Just as Mustaine was kicked out of Metallica immediately after a breakdown, Dengler, too, left Interpol after a series of rock-bottom moments. His decisive shift from Carlos to Carlos D, from an insecure underachiever to self-assured rock star on an ego trip, also plays out in his reassessment of Motley Crue, a band he’d hated when he was 14. “All that vroom vroom, Girls Girls Girls, fuckin’ LA shit,” he recalls. But suddenly out of nowhere, the persona Carlos D starts idolizing Nikki Sixx, the ultimate symbol of glam metal debauchery. “I became obsessed with the circus,” Dengler says.
At one point, he finds himself in the hospital with a wrist injury after he punches through a mirror during a drunken fit after a fight with his girlfriend. Things were bad all around. “I don’t need food, sleep, or water, just coke, booze, and sex,” he recalls. Things come to a head when Interpol is about to play a show one night. Carlos D is backstage experiencing the height of his “spiritual decay” while gazing into the bathroom mirror. “I can’t feel myself,” he says. “I don’t feel like a human.”
The band framed the departure as an “amicable” one, but Interruptus hints that the departure was more a result of Dengler acting on several epiphanies, all of them leading to a final moment of truth and his decision to shed the Carlos D persona. I won’t give it away, but let’s just say some alien creature falls to earth and inspires Dengler to pursue a state of “grace” rather than self-destruction.

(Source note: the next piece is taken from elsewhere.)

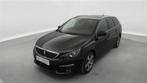 Peugeot 308 1.2 PureTech Auto GT Navi/ CarPlay/ Toit Pano /, Auto's, Automaat, Gebruikt, 1199 cc, 109 g/km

Interruptus isn’t the type of coming-of-age story that follows a neat upward flow from baby boy to adult man. Instead, Dengler only finds his true purpose when he embraces his 14-year-old self. “Stop listening to Motley Crue,” an apparition of a young teenaged Dengler advises a very lost Carlos D. “They suck, they’re posers.” The young headbanger was wiser than he knew.